> [EXERCISE INSTRUCTIONS]: Report every line below that has the string "Louis" in it.

Stored data:
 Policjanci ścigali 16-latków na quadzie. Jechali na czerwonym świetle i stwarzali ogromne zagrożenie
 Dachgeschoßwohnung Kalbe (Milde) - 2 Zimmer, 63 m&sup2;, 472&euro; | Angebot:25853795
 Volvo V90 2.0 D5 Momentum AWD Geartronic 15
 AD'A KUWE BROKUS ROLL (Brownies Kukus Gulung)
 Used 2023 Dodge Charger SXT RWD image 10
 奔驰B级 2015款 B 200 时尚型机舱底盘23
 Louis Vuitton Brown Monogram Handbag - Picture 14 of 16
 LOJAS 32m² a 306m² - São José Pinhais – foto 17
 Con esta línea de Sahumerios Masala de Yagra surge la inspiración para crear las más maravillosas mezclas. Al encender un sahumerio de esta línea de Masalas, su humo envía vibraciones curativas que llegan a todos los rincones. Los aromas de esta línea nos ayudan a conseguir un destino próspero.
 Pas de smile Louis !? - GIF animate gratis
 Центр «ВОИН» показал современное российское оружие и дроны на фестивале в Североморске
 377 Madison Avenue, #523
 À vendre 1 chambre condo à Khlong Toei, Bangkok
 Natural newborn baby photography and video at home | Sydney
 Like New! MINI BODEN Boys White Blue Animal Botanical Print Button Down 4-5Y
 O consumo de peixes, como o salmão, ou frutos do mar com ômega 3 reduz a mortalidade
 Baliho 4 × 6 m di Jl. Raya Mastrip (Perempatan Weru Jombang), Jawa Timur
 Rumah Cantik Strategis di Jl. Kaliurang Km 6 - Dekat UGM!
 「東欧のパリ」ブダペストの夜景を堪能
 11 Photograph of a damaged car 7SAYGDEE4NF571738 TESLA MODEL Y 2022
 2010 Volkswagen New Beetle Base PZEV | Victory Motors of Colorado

> [YOUR RESPONSE]:
 Louis Vuitton Brown Monogram Handbag - Picture 14 of 16
 Pas de smile Louis !? - GIF animate gratis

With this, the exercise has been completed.